Casting Brass Used for Producing Castings. Brass castings are widely applied in mechanical manufacturing, shipbuilding, aviation, automotive, construction, and other industrial sectors, occupying a significant position in heavy non-ferrous metal materials and forming a casting brass series.
1. **Chemical Composition of Casting Brass**
Casting brass is a Cu-Zn binary alloy with zinc as the primary alloying element, commonly referred to as ordinary brass. Ordinary brass exhibits moderate strength, hardness, and excellent casting properties, but it shows poor wear resistance, corrosion resistance, particularly against flowing seawater, steam, and inorganic acids.
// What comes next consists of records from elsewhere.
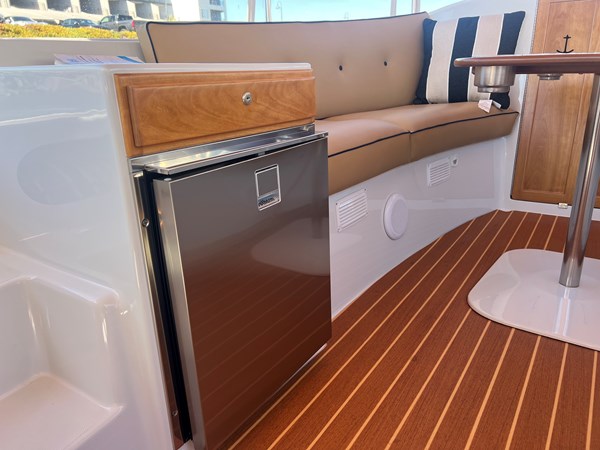 Refrigerator - Enjoy cold drinks! 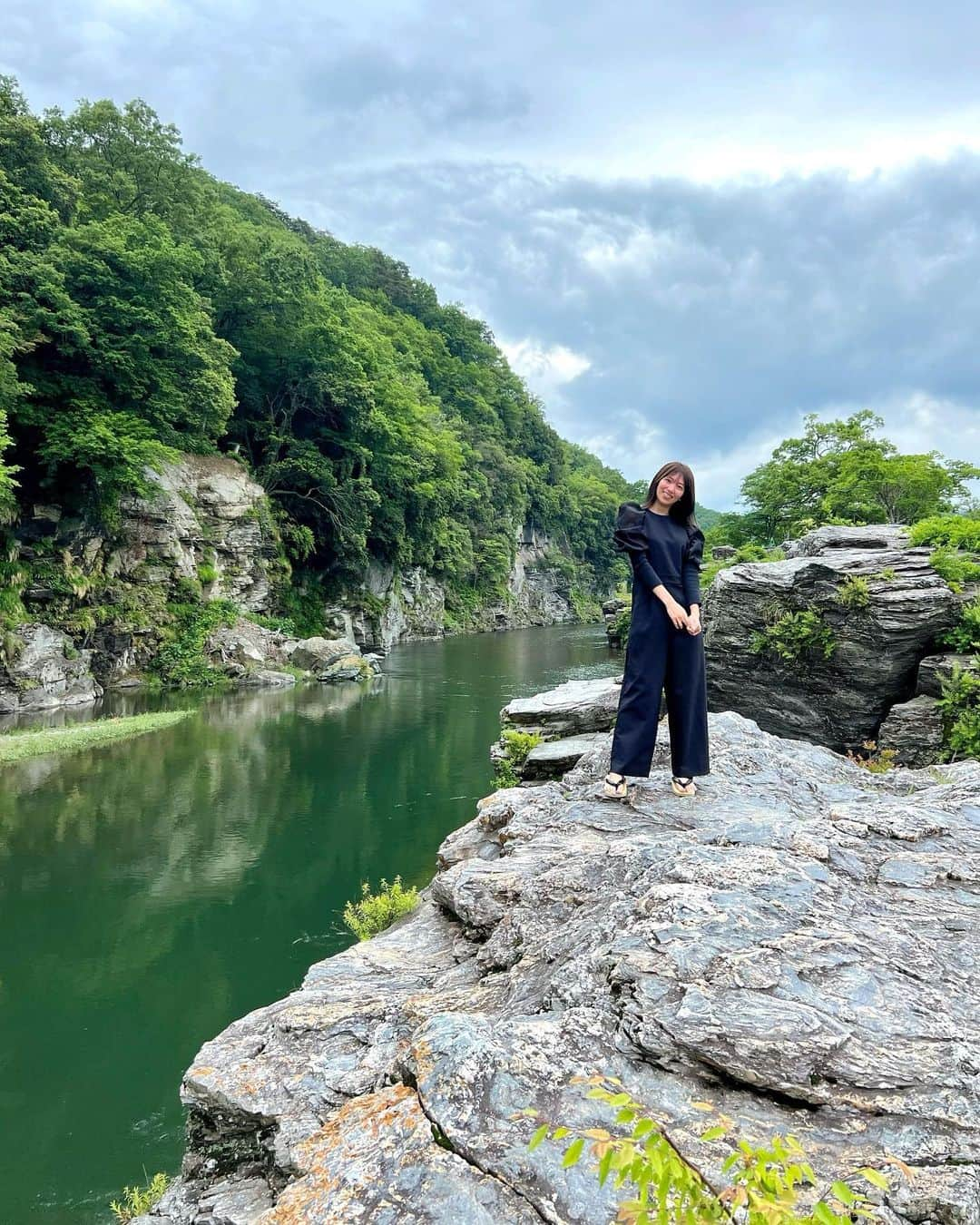 山岸逢花さんのインスタグラム写真 - (山岸逢花Instagram)「長瀞での撮影前に 岩畳みて自然浴びてきた🌿🍃  . （ホテルの下駄のまま飛び出してきちゃいまして足だけ渋ぅ） . . . . #山岸あや花 #AV女優 #AV #ayakayamagishi」6月10日 12時37分 - ayakayamagishi_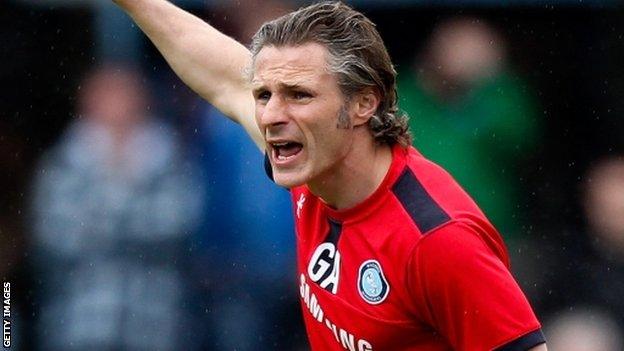 Wycombe manager Gareth Ainsworth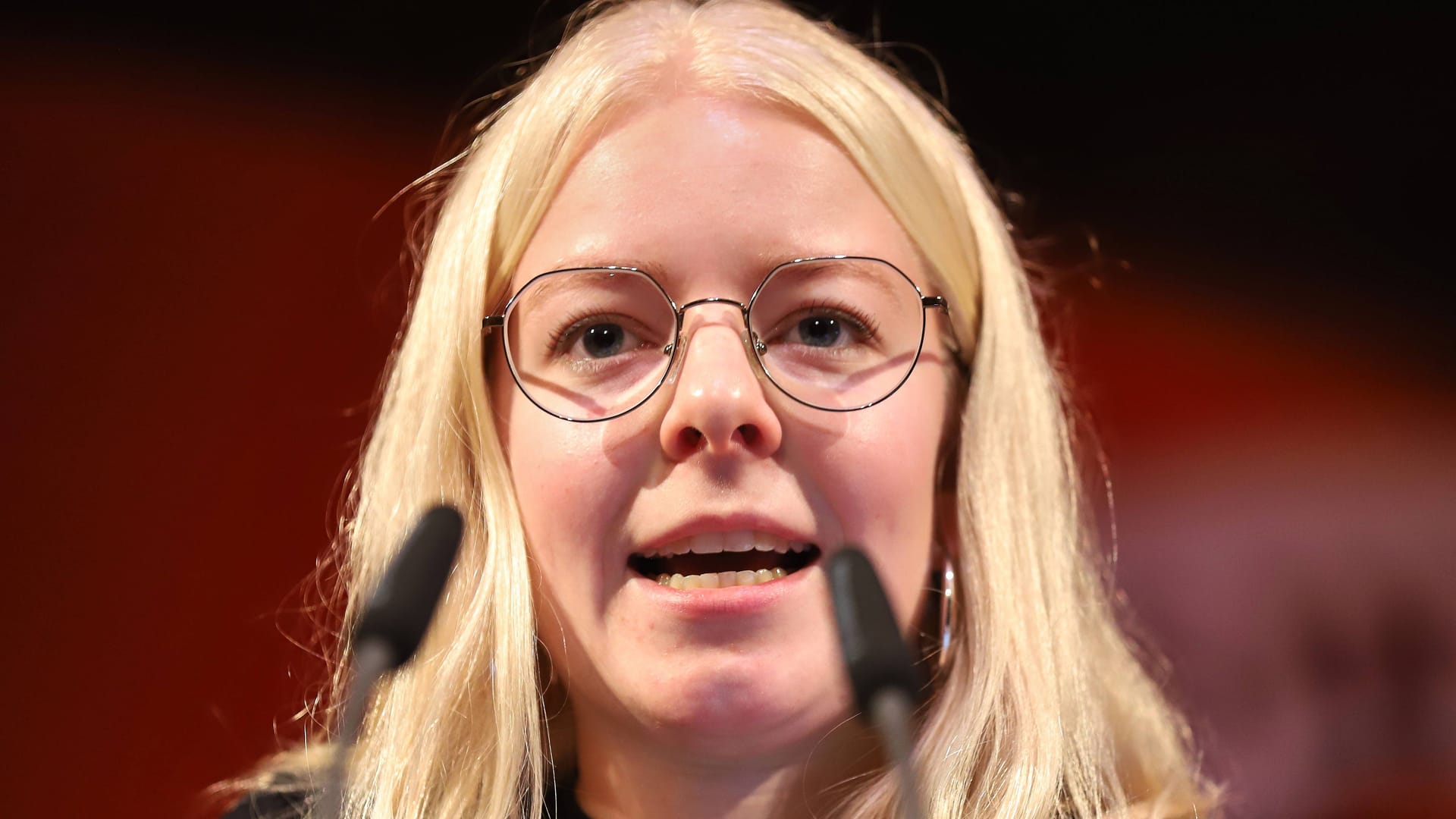 Jette Nietzard: Die Grüne-Jugend-Vorsitzende musste sich für einen Silvester-Post entschuldigen. Jette Nietzard: Die Grüne-Jugend-Vorsitzende musste sich für einen Silvester-Post entschuldigen.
By incorporating various alloying elements, its mechanical, physical, and chemical properties can be enhanced, leading to specialized brass varieties suitable for specific environments, such as naval brass, free-cutting brass, high-strength manganese brass, and die-casting brass.
2. **Casting Processes** Due to differences in melting point, fluidity, solidification shrinkage, sensitivity to gases, volatility, and thermal cracking tendency among casting brass alloys, their applicable casting methods vary.
Common casting techniques for casting brass include die casting, sand casting, centrifugal casting, continuous casting, and investment casting.
The selection of casting methods must be tailored to the specific alloy.